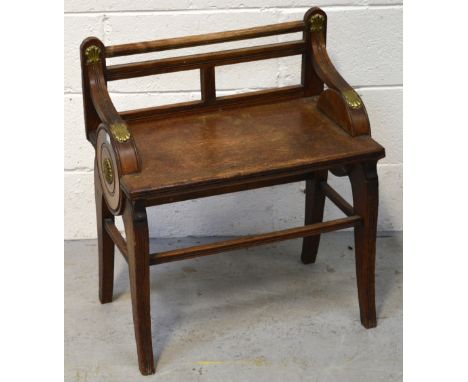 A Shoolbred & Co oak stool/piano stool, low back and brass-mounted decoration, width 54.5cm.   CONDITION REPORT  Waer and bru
+++++
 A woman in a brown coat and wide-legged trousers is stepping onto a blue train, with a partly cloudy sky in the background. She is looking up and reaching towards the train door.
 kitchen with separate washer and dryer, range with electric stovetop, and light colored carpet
+++++
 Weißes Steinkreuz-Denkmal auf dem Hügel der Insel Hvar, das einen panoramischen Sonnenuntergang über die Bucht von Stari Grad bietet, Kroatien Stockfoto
+++++
Work task
Above are the records. Copy the lines beginning at the one that has "A woman in a" and ending with the one that has "kitchen with separate", unchanged.

Answer section
 A woman in a brown coat and wide-legged trousers is stepping onto a blue train, with a partly cloudy sky in the background. She is looking up and reaching towards the train door.
 kitchen with separate washer and dryer, range with electric stovetop, and light colored carpet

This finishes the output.